Catcher Stephen Vogt is thoroughly impressed by Valencia’s offense given his sample size as an Athletic:
“He can do that kind of damage anywhere…I’m surprised we got him, he has some pretty outrageous numbers to be DFA’d.”
Chavez came off a rough 9-2 loss against Baltimore Monday where he lasted just 3-2/3 innings and gave up five runs before being sent to the showers.
Left fielder Preston Tucker landed a punch to Chavez’s gut in the top of the third, sending a 1-1 curve ball over the right field wall.
5-foot-10, 200-pound third baseman Luis Valbuena sent right fielder Josh Reddick scrambling to the 330-foot mark. Valbuena chugged his way to second and beat the throw from Reddick as shortstop Marcus Semien couldn’t hang on during the tag.

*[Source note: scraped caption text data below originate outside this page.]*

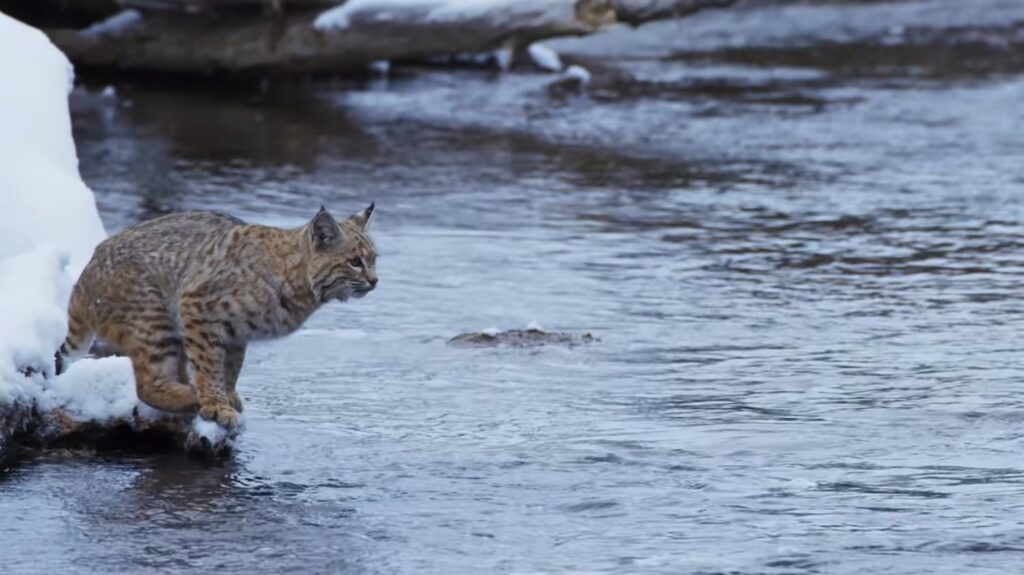 Bobcat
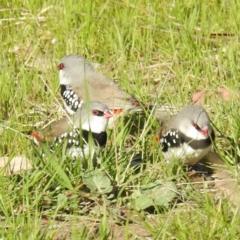 Stagonopleura guttata (Diamond Firetail) at Lions Youth Haven - Westwood Farm A.C.T. - 19 Sep 2021 by HelenCross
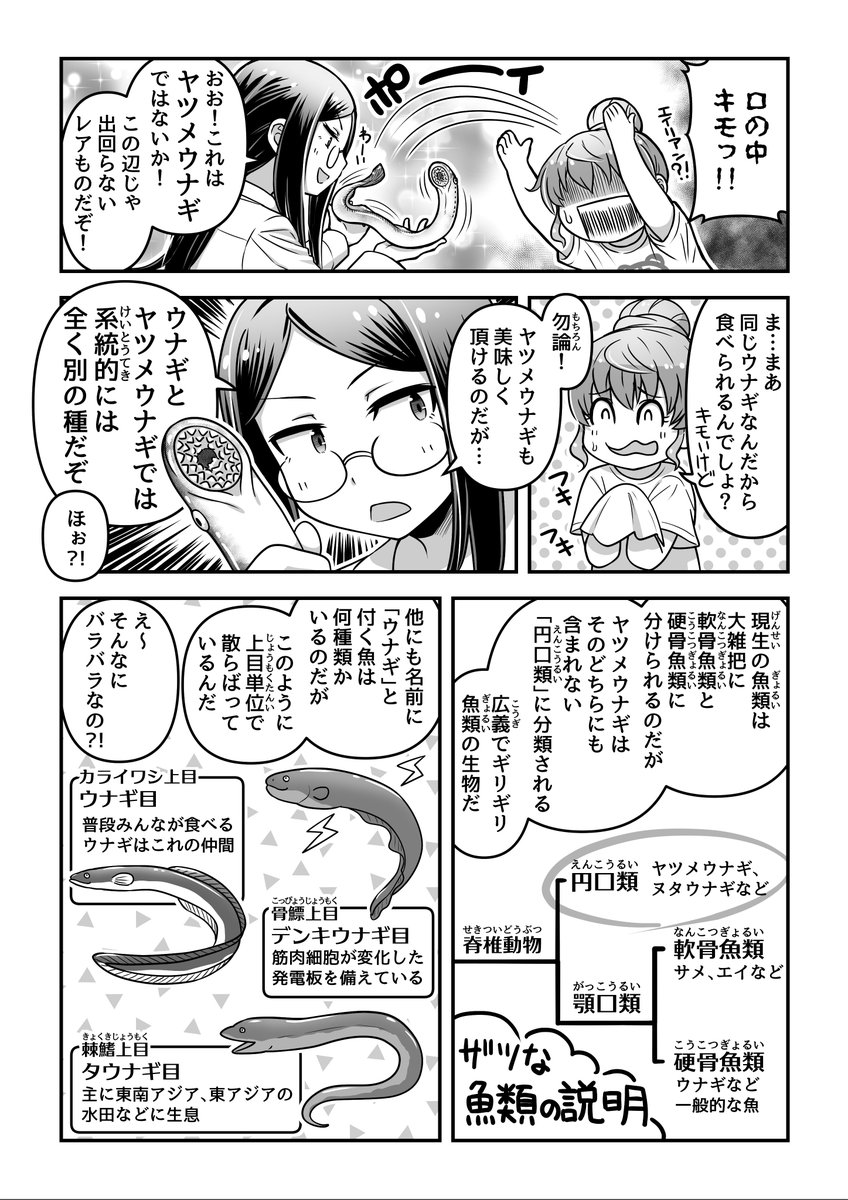 再掲:紛らわしい名前の生き物の話(1/2) 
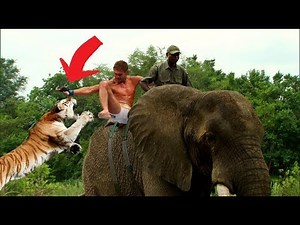 Tiger attacking elephant Video - Man saved after attacking tiger real videos
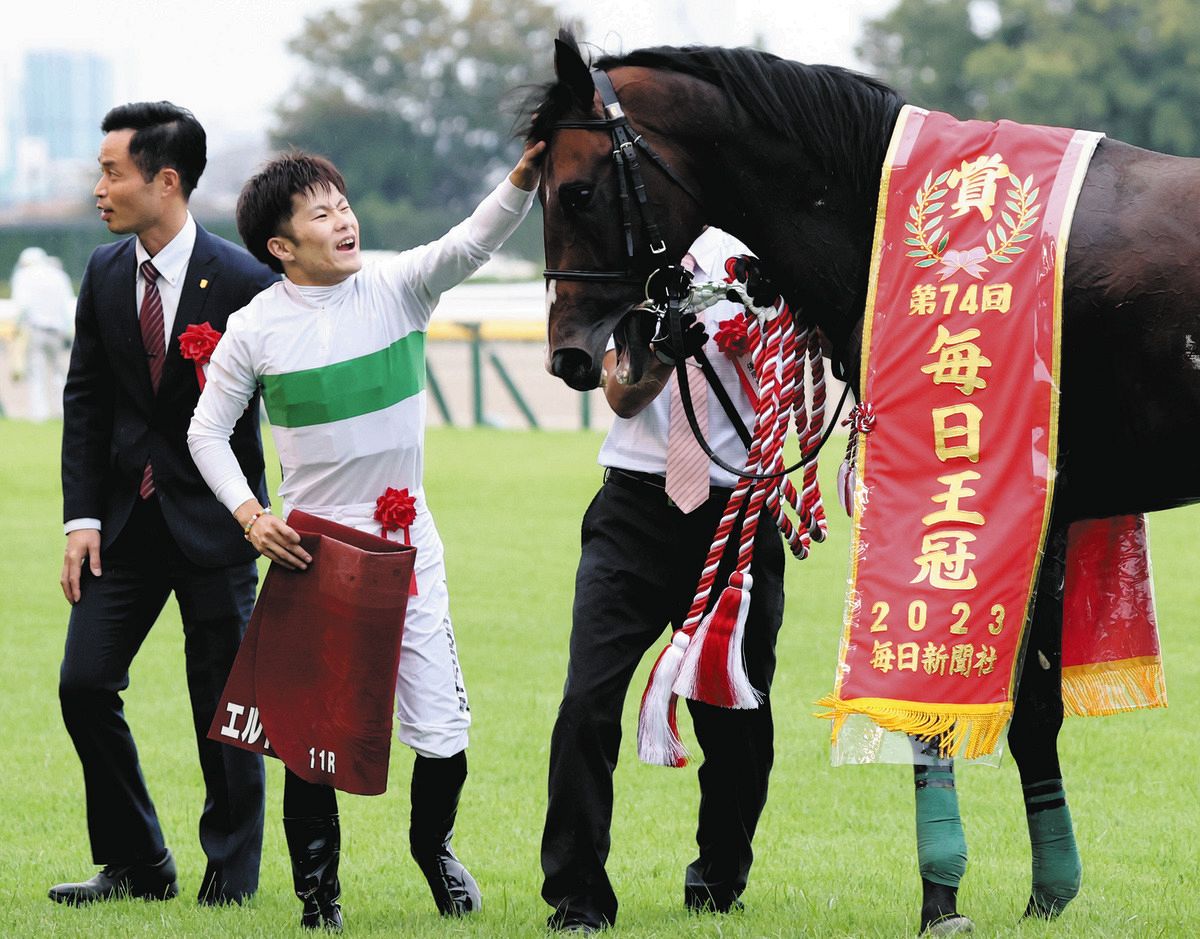 阪神3歳牡馬S 第45回 3歳馬エルト ヒシアマゾン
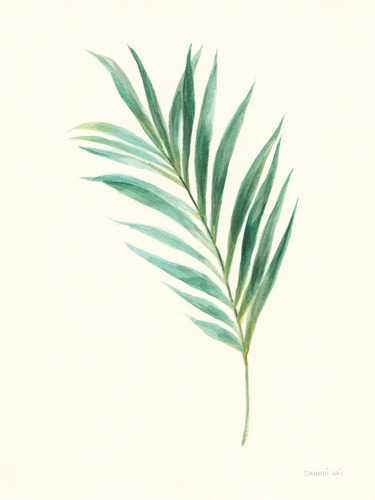 Leaf Study 2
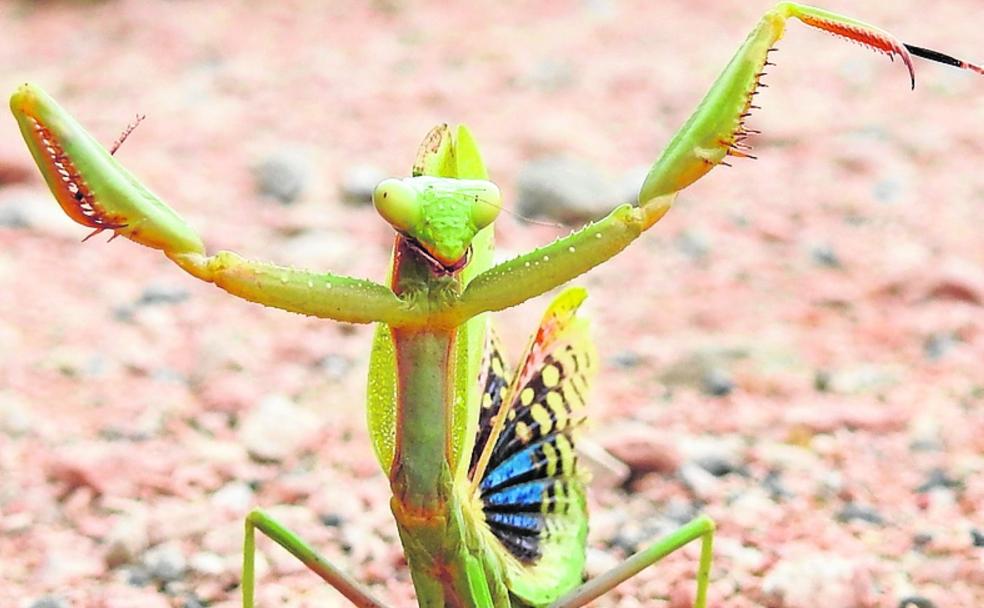 Procesión de mantis en la Región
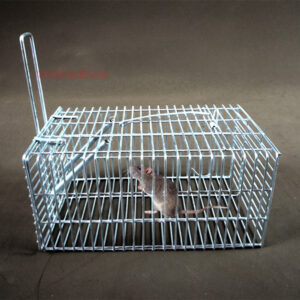 Indoor Outdoor Humane Design Rat Capture Live Catch Rodent Control Wire Mesh Cage Metal Mouse Trap Cage - Image 4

The A’s escaped what might have been a bad inning after Chris Carter lined out to left field and Hank Conger went down on strikes.
Chavez (7 IP, six hits, three walks, eight strikeouts) pitched well, throwing 106 pitches before being replaced by Drew Pomeranz. Edward Mujica came on in the ninth to seal his first save of the season.
There were some struggles in the middle innings and manager Bob Melvin considered pulling the plug on Chavez in the sixth inning:
“I was thinking about even pulling the plug in the sixth on him, but the sixth and seventh were his best two innings. …. His best stuff came later in the game and that’s when we needed him.”
Vogt credits Chavez’s turnaround to an improved cutter and four-seam fastball. Chavez credited it to not rushing himself on the mound and taking things pitch-by-pitch. But Melvin says his changes weren’t mechanical:
“It was a testament to his fortitude. He wanted to be out there and he knew he had to get outs without any room for error. It was really about getting out there and believing in yourself.”
And getting some run support. Which Valencia seems to be involved in every night since he was claimed on waivers.
Valencia notched his 15th career multi-hit game Saturday, and his second with the A’s. He’s hit in exactly half of his 14 at bats in the green and gold, and is quickly making friends in the A’s clubhouse.
Oakland needed one or two big offensive plays a week during the first half of the season in order to maintain a winning record. If they had that, and cut down on the many early season errors they’ve gotten better at, this could be a team leading the pack in the division.
Meanwhile, Houston is falling down to earth a bit. The Astros have a one game lead in the American League West after blazing a trail much more noteworthy during the first half.
They’re 1-5 on their road trip, which concludes Sunday, and are looking an awful lot like the A’s of 2014 — dominating the first 81 games before turning in for slaughter in the last 81.
While the A’s playoff hopes are gone, they know that there are still things to play for. Pride, a paycheck, and their futures.
The remaining 50 games of 2015 should be a proving ground for players like Burns, Valencia, along with pitchers Aaron Brooks and Chris Bassitt. The youth movement in Oakland has an opportunity to fine tune some of the nuanced elements of their game, and have excelled so far.
The win against Houston, and a chance to win the series Sunday, is a good sign for what the A’s could be capable of in the coming season.